Adding proto-fuzzer support for more extensions with new driver flow
AbandonedPublic

Authored by jocewei on Aug 1 2018, 3:35 PM.

Details

Reviewers
apazos
mgrang
asb
Summary
  • Uses Protobuf to represent RV32 General (G) Instruction Set with extensions I,M,A,F,D,C, with no constraints on either register or immediate operand values (that is, with no constraints on register class or immediate range). Also includes pseudoinstructions.
  • Updated fuzzer driver flow:

(1) to invoke fuzzed llvm-mc assembler, GNU assembler, and GNU disassembler.
(2) To use the status of calling each tool to categorize test failures.

  • Created single fuzzer executable that supports rv32imafdc.
  • Kept the example fuzzer with sample grammar and corresponding Python script.

Related: https://reviews.llvm.org/D49521

Diff Detail

Event Timeline

jocewei created this revision.Aug 1 2018, 3:35 PM
asb added a comment.Aug 2 2018, 8:31 AM

Hi Jocelyn.
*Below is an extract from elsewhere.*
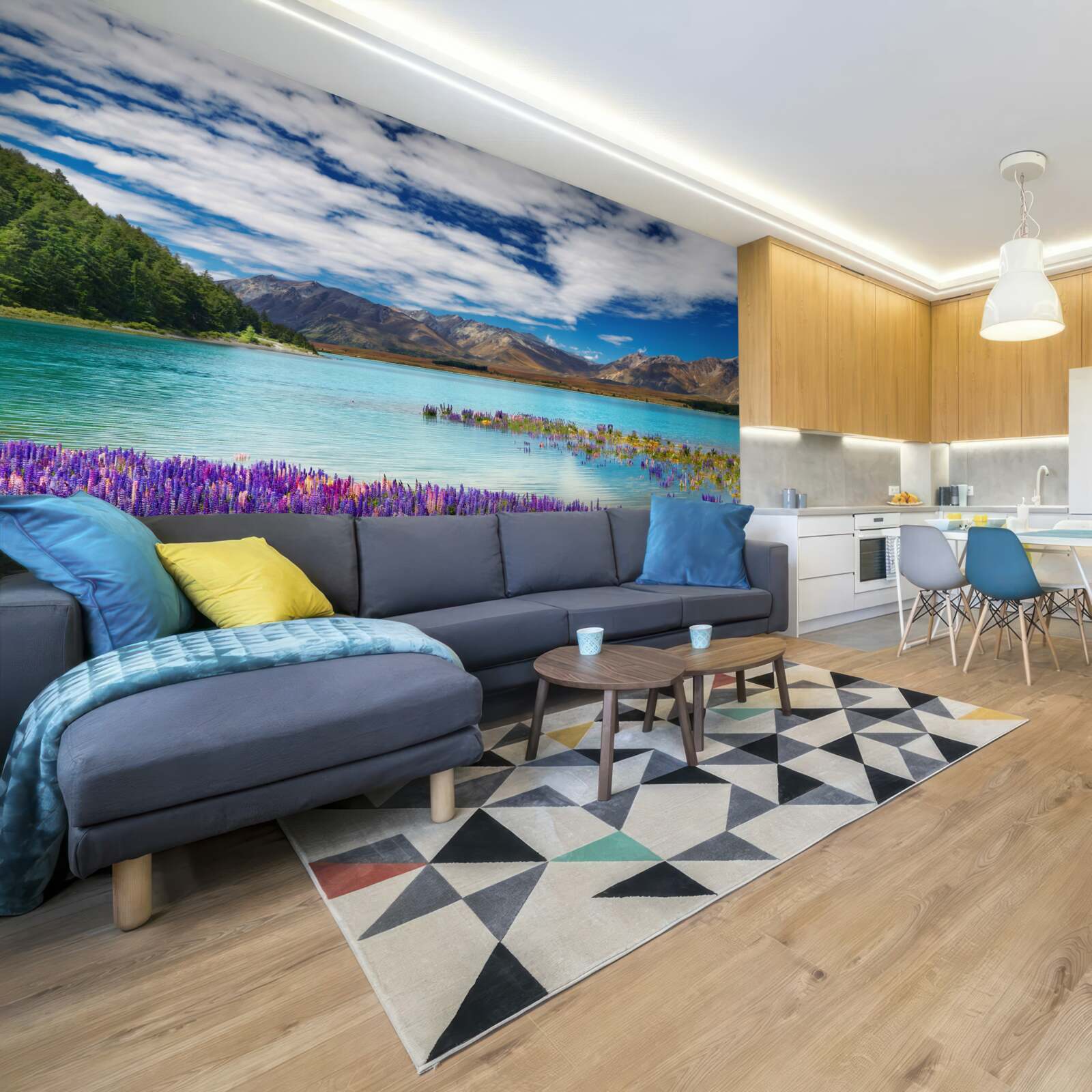 Fototapeta kvety sa odrážajú v krištáľovo čistej vode horského jazera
What should I be referring to as the base of this patch? e.g. D49521 doesn't contain proto_to_asm_rv32i.cpp?

I might be looking at the wrong version of the protobuf API or overlooking other issues here, but might it be possible to use FindValueByNumber to get hold of an EnumDescriptor and hence a string name for protobuf enums, getting rid of some of the boilerplate in proto_to_asm? https://developers.google.com/protocol-buffers/docs/reference/cpp/google.protobuf.descriptor#EnumDescriptor.FindValueByNumber.details

In D50164#1185810, @asb wrote:

Hi Jocelyn. What should I be referring to as the base of this patch? e.g. D49521 doesn't contain proto_to_asm_rv32i.cpp?
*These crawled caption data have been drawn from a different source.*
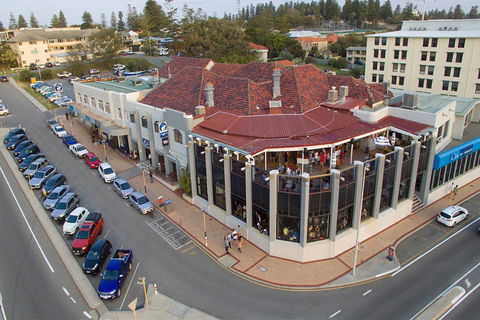 Ocean Beach Hotel - Accommodation Sunshine Coast 3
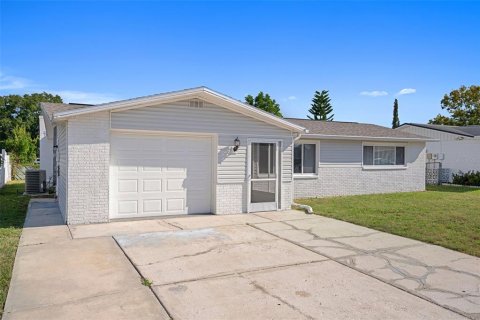 House in New Port Richey, Florida 3 bedrooms, 159.61 sq.m. № 1902427 - photo 2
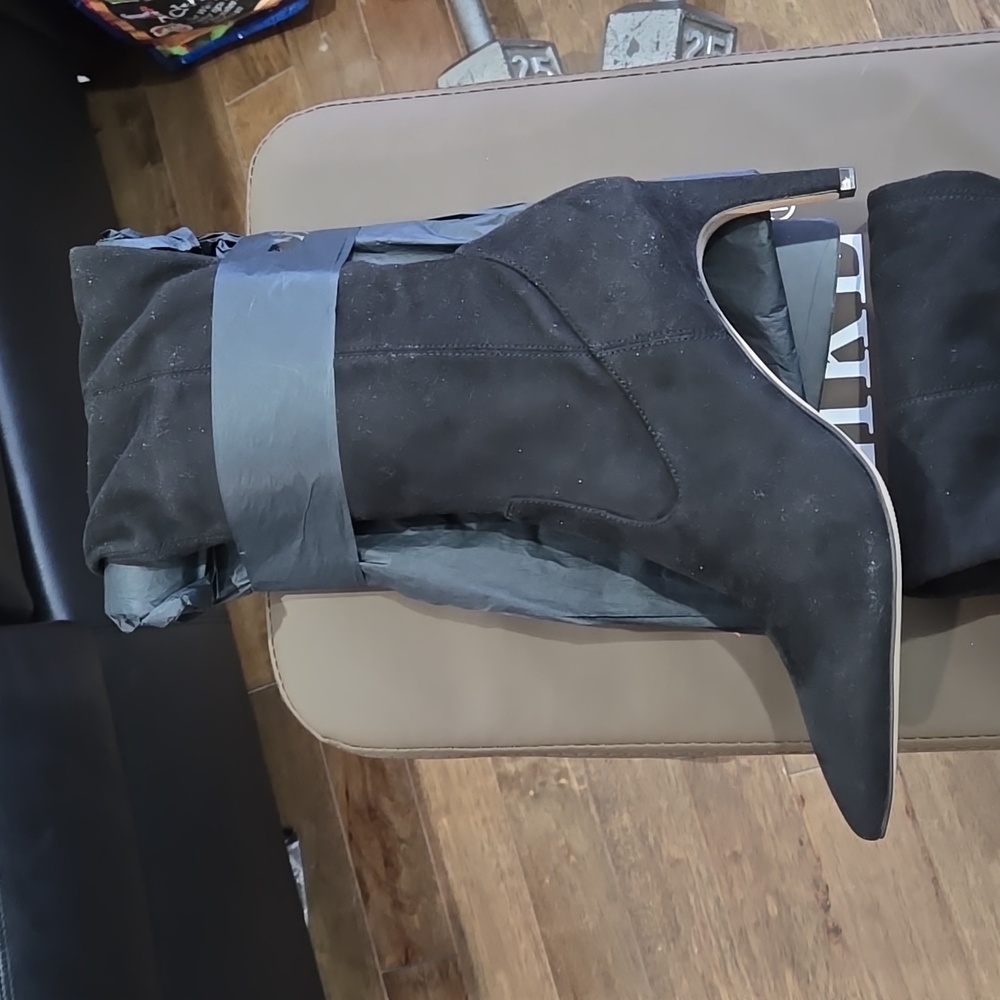 Woman Brand New Calvin Klein thigh high Black Suede Boots size 10M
This patch adds two new files: proto_to_asm_rv32i.cpp and rv32i_asm.proto. These files add to proto_to_asm.cpp and asm_proto.proto from the previous patch (https://reviews.llvm.org/D49521), which we chose to leave untouched so as to preserve the simpler example grammar that only contains the add and sub instructions.

I might be looking at the wrong version of the protobuf API or overlooking other issues here, but might it be possible to use FindValueByNumber to get hold of an EnumDescriptor and hence a string name for protobuf enums, getting rid of some of the boilerplate in proto_to_asm? https://developers.google.com/protocol-buffers/docs/reference/cpp/google.protobuf.descriptor#EnumDescriptor.FindValueByNumber.details

In proto_to_asm, to handle the protobuf enums, we can use int values 0-31 instead of Register::X0 through Register::X31, or int values 0-9 instead of RTypeOpcode_Op_ADD, etc. But this means that if the order of items in the protobuf enum cannot change without us also modifying the corresponding proto_to_asm code. Based on what I read, I'm not sure if using EnumDescriptor / EnumValueDescriptor would be advantageous.
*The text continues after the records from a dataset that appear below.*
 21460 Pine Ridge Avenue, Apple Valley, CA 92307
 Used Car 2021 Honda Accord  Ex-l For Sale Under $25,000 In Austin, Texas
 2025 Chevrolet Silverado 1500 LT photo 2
apazos added inline comments.Aug 2 2018, 5:12 PM
tools/llvm-mc-assemble-proto-fuzzer/proto-files/rv32i_asm.proto
113 ↗(On Diff #158653)

When you have the Load instructions ready, upload to this same patch so it has RV32I complete in this patch, except for the CSR instrs.

asb added a comment.Aug 3 2018, 4:14 AM
In D50164#1185810, @asb wrote:

Hi Jocelyn. What should I be referring to as the base of this patch? e.g. D49521 doesn't contain proto_to_asm_rv32i.cpp?

This patch adds two new files: proto_to_asm_rv32i.cpp and rv32i_asm.proto. These files add to proto_to_asm.cpp and asm_proto.proto from the previous patch (https://reviews.llvm.org/D49521), which we chose to leave untouched so as to preserve the simpler example grammar that only contains the add and sub instructions.

But the patch as upload modifies a few lines of proto_to_asm_rv32i.cpp rather than adding it from scratch, which is why I wondered if there's an intermediate patch or a problem with the diff generation.

I might be looking at the wrong version of the protobuf API or overlooking other issues here, but might it be possible to use FindValueByNumber to get hold of an EnumDescriptor and hence a string name for protobuf enums, getting rid of some of the boilerplate in proto_to_asm? https://developers.google.com/protocol-buffers/docs/reference/cpp/google.protobuf.descriptor#EnumDescriptor.FindValueByNumber.details

In proto_to_asm, to handle the protobuf enums, we can use int values 0-31 instead of Register::X0 through Register::X31, or int values 0-9 instead of RTypeOpcode_Op_ADD, etc. But this means that if the order of items in the protobuf enum cannot change without us also modifying the corresponding proto_to_asm code. Based on what I read, I'm not sure if using EnumDescriptor / EnumValueDescriptor would be advantageous.

I was just thinking of getting rid of the manual enum -> string conversion. Looks like you'd need to convert the protobuf-generated string to lower-case though.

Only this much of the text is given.